**PROBLEM TO SOLVE**
Please retype the records below exactly, leaving out any pictures.

+ + + +

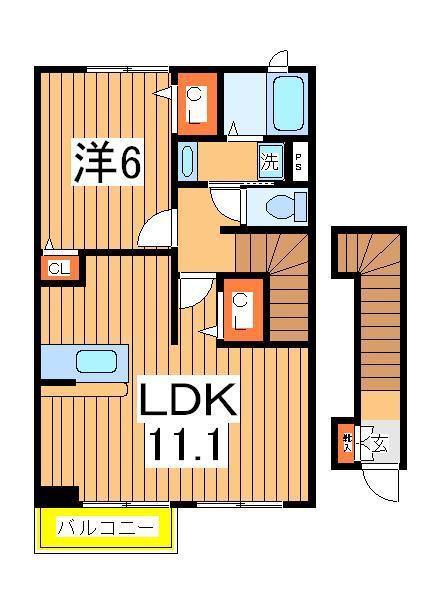 ルミエール豊四季Ⅰ(1LDK/2階)の間取り写真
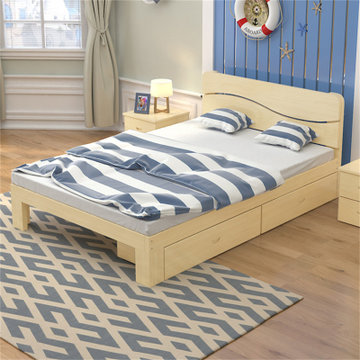 包邮实木单人床1米12m松木双人床15m大床18米简易木床可定制床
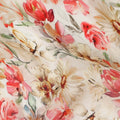 Coral Red Floral Viscose Digital Print Fabric 110cm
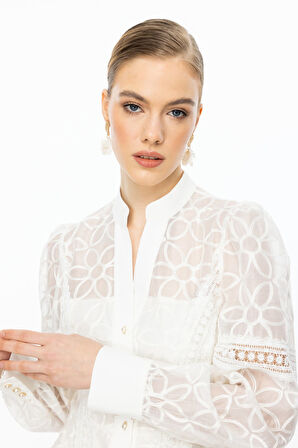 Ekol Kadın Çiçek Nakışlı Düğmeli Elbise 5008 Ekru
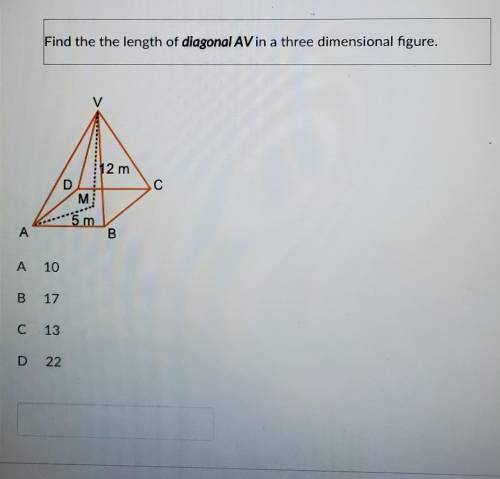 Find the length of diagonal AV in a three-dimensional figure.​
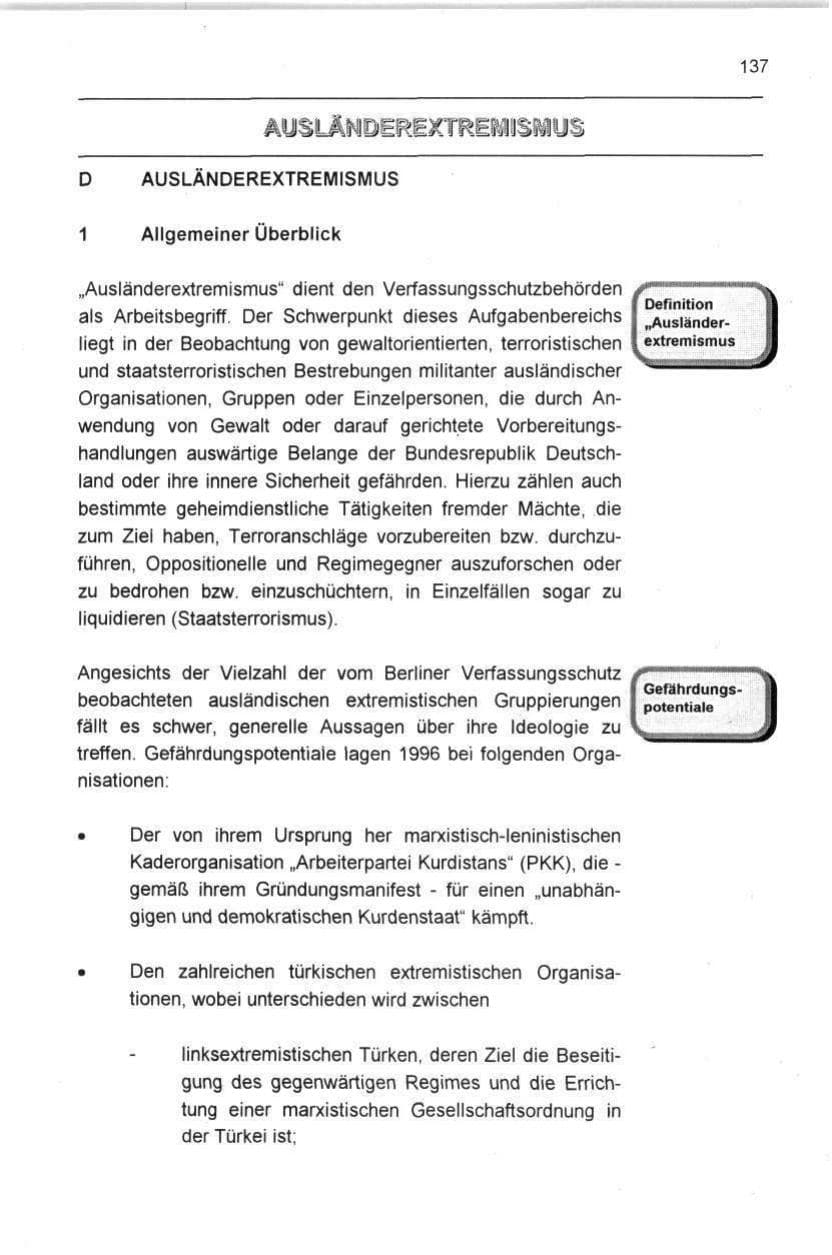 Seite 137 des Verfassungsschutzbericht 1996 Berlin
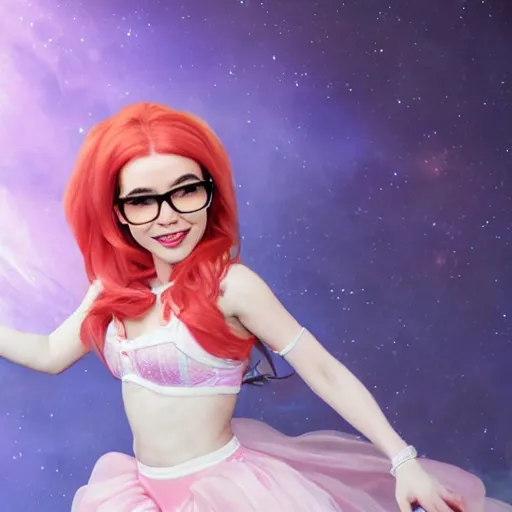 Prompt: photo realistic photo of belle delphine posing in space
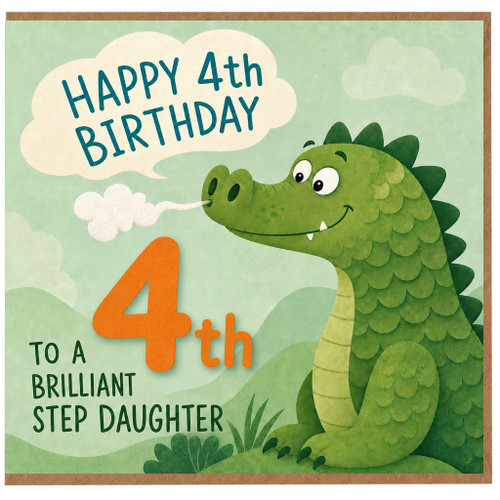 4th Birthday Card for Step Daughter, Cute Dinosaur Birthday Card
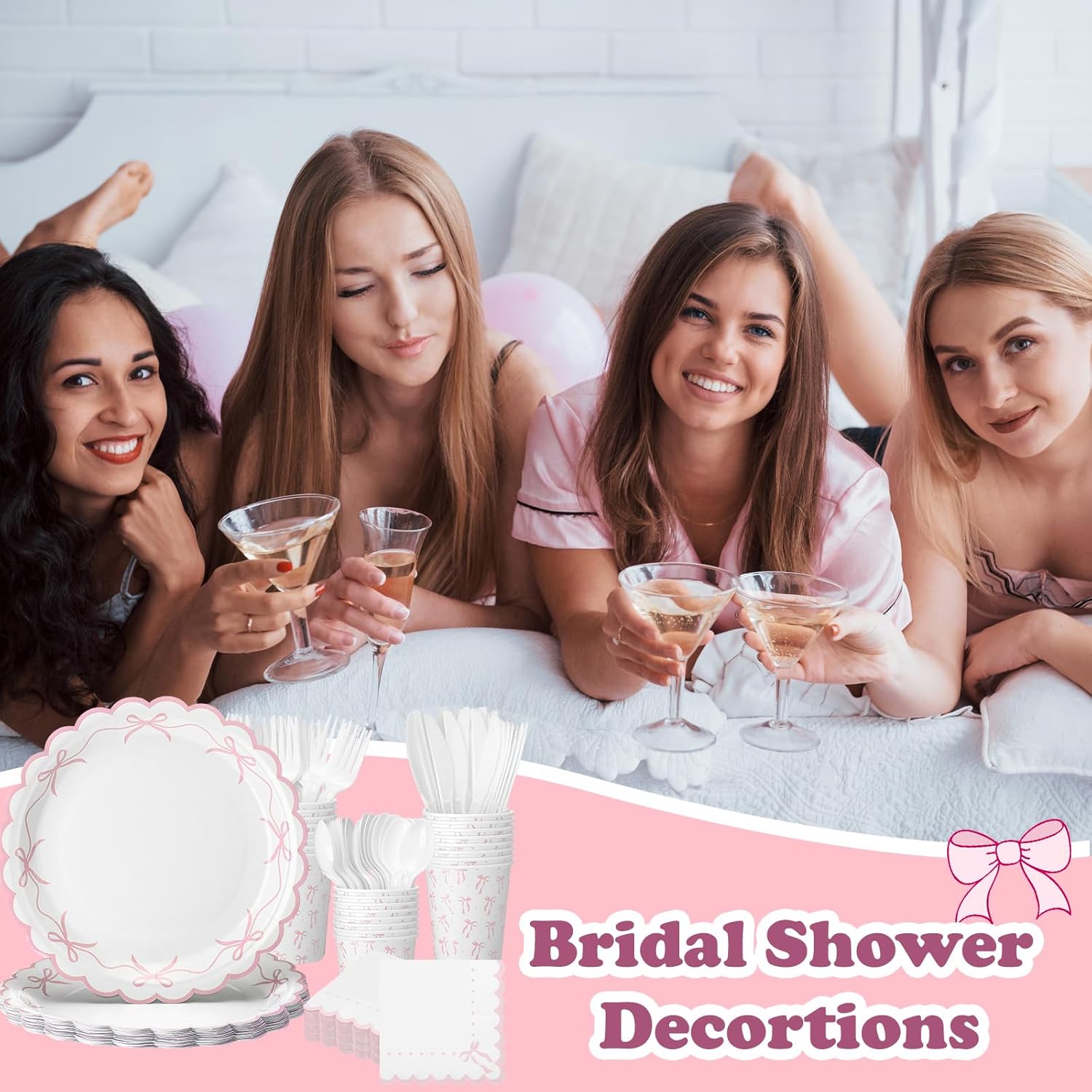 Sieral 144 Pcs Pink Bow Party Supplies Set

+ + + +

**REPLY TO THE TASK**
 ルミエール豊四季Ⅰ(1LDK/2階)の間取り写真
 包邮实木单人床1米12m松木双人床15m大床18米简易木床可定制床
 Coral Red Floral Viscose Digital Print Fabric 110cm
 Ekol Kadın Çiçek Nakışlı Düğmeli Elbise 5008 Ekru
 Find the length of diagonal AV in a three-dimensional figure.​
 Seite 137 des Verfassungsschutzbericht 1996 Berlin
 Prompt: photo realistic photo of belle delphine posing in space
 4th Birthday Card for Step Daughter, Cute Dinosaur Birthday Card
 Sieral 144 Pcs Pink Bow Party Supplies Set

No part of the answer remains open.